This means that values $$x_n = 0, 1,\dots,\quad y_n = 0, 1,\dots,\quad z_n = 0, 1,\dots$$ are integers.
Then $$P(x_n, y_n, z_n,\vec\lambda) = \frac{1}{x_n!y_n!z_n!} \left(\frac {w_x}a\right)^{x_n} \left(\frac{w_y}b\right)^{y_n} \left(\frac {w_z}c\right)^{z_n} e^{-\left(\frac{w_x}a + \frac{w_y}b + \frac{w_z}c \right)},$$ or $$P(x_n, y_n, z_n,\vec\lambda) = \frac{(x_n, y_n, z_n)!}{(x_n+y_n+z_n)!} \left(\frac {w_x}a\right)^{x_n} \left(\frac{w_y}b\right)^{y_n} \left(\frac {w_z}c\right)^{z_n} e^{-\left(\frac{w_x}a + \frac{w_y}b + \frac{w_z}c \right)},\tag2$$ where $$(x_n, y_n, z_n)! = \frac{(x_n + y_n +z_n)!}{x_n!y_n!z_n!}$$ are the multinomial coefficients.
Note that $$\sum\limits_{x_n + y_n + z_n = s_n}P(x_n, y_n, z_n,\vec\lambda) = \frac{1}{(x_n+y_n+z_n)!} \left(\frac {w_x}a + \frac{w_y}b + \frac {w_z}c\right)^{s_n} e^{-\left(\frac{w_x}a + \frac{w_y}b + \frac{w_z}c \right)},$$ $$\sum\limits_{x_n + y_n + z_n = s_n}P(x_n, y_n, z_n,\vec\lambda) = \frac{1}{s_n!} \lambda_s^{s_n} e^{-\lambda_s} = P_1(s_n, \lambda_s),\tag3$$ where $$\lambda_s = \frac {w_x}a + \frac{w_y}b + \frac {w_z}c.$$
ADDITIONAL CONDITIONS
The problem is not completely defined.
Easy to see that the combinations $(a, w_x)$ and $\mathrm{const}(a, w_x)$ have the same influence to the sample data and the different influent to the result, and that makes results incorrect.
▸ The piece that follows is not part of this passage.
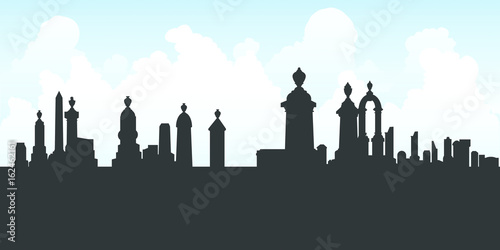 Silhouette of a graveyard crowded full of tombstones.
And the same situation take place for the pairs $(b, w_y)$ and $(c, w_z).$
Taking in account that all of that parameters are real, this makes incorrect the task of the simultaneous definition of vectors $\vec v = (a, b, c)$ and $\vec w = (w_x, w_y, w_z)$.
The similar problems take place if $a,\ b\ c$ can have different signs.
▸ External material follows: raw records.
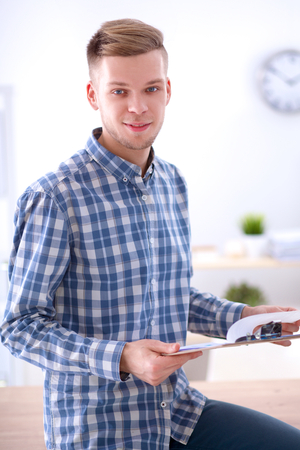 Young businessman working in office , sitting at deskの写真素材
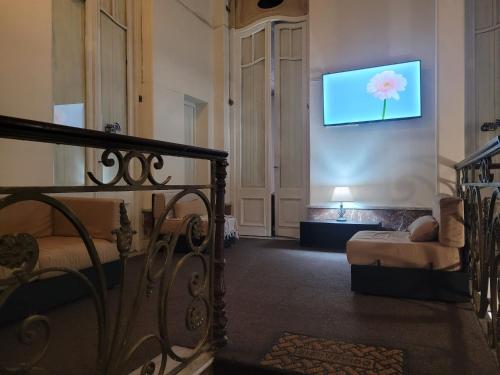 een woonkamer met een televisie aan de muur bij Hotel Ateneo in Montevideo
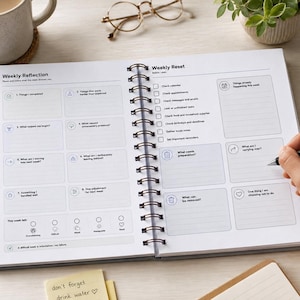 May include: A spiral-bound planner open to a two-page spread titled Weekly Reflection and Weekly Reset. The pages feature lined sections for tasks, reflections, and checklists with printed prompts like Things I completed, Check calendar, and What needs preparation.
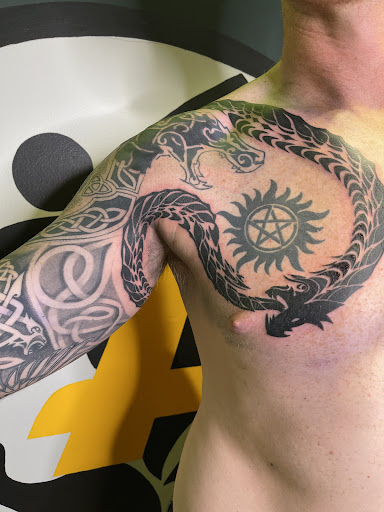 Explore men back tattoos ideas, creative tattoo ideas in San Diego, available at Inkfinite Artistry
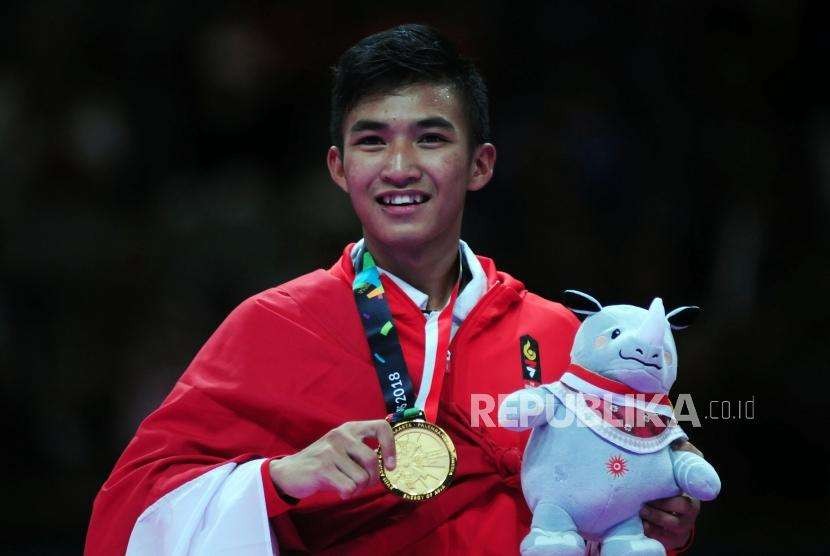 Karateka Indonesia Arrosyiid Rifki Ardiansyah memperlihatkan medali usai memenangkan pertandingan cabang olahraga karate Asian Games 2018 kategori kumite 60 kilogram di JCC Plennary Hall, Jakarta, Ahad (26/8).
Let us consider the task when the vector $\vec w$ is given, and $a > 0, b > 0, c > 0$.
THE HYPOTHESES CONCEPT
The Bayesian approach allows to calculate conditional probabilities (a posteriory) using unconditional probabilities (a priory) and data sample, using concept of hypotheses.
Let the space of the all possible outcomes is divided into hypotheses $H_i,$ where $H_i$ is the event of $v \approx \vec v_i,$ or that $(a \approx a_i)\text{ and } (b \approx b_i)\text{ and } (c\approx c_i).$ The unconditional probabilities of $H_i$ are $$P(H_i) = \dfrac{m_i}{m},$$ where m is the total quantity of outcomes, $dV_i$ is the quantity of the outcomes favorable to the event $H_i.$
Taking in account that the sample size is bounded, it seems reasonable to discretize the task parameters by considering $$a_i = \frac{W}{I}i,\quad b_i = \frac{W}{I}i,\quad c_i = \frac{W}{I}i,$$ where $$i = 0, 1, 2\dots I,\quad W = C \max\{w_x, w_y, w_z\},\quad C \in[5, 10]$$ and to bound the values $$x_n = 0, 1, 2\dots N,\quad y_n = 0, 1, 2\dots N,\quad z_n = 0, 1, 2\dots N,$$ and that requires to discretize the sample data (Wx_n in the OP notation) to the gradations $$k = 0,\ 1\dots K,\quad K = I\cdot N.$$
This preparing gives the discretize sample data $\vec d = \{d_k = a_i x_n + b_i y_n + c_i z_n\},$ and that allows to use the relations $(2)$ and $(3).$
Thus, $$P(H_i) = 1/I,\tag4$$ $$P(d_k | H_i) = \sum\limits_{a_i x_n + b_i y_n + c_i z_n = d_k}P(x_n, y_n, z_n, \lambda_i),$$ $$P(d_k | H_i) = e^{-\left(\frac{w_x}a + \frac{w_y}b + \frac{w_z}c \right)}\sum\limits_{a_i x_n + b_i y_n + c_i z_n = d_n} \frac{(x_n, y_n, z_n)!}{(x_n+y_n+z_n)!} \left(\frac {w_x}a\right)^{x_n} \left(\frac{w_y}b\right)^{y_n} \left(\frac {w_z}c\right)^{z_n},\tag5$$ and, using $(3),$ $$\sum\limits_{k = 0}^{K}P(d_k | H_i) = 1.\tag6$$
Considering the sample data independent, easy to obtain $$P(\vec d | H_i) = \prod_{k = 0}^{K} P(d_k | H_i).\tag7$$
PARAMETERS DISTRIBUTION
Parameters distribution can be obtained by the Bayesian theorem
$$P(H_i|\vec d) = \dfrac{P(H_i)P(d_k | H_i)}{\sum\limits_{i=0}^I P(H_i)P(d_k | H_i)}.$$ Taking in account $(4),$ $$P_i = P(\vec v_i|\vec d) = \dfrac{P(\vec d | H_i)}{\sum\limits_{i=0}^I P(\vec d | H_i)}.\tag8$$
Maximum of $P_i$ determines vector $\vec{v_i}$ according the maximum likelihood method.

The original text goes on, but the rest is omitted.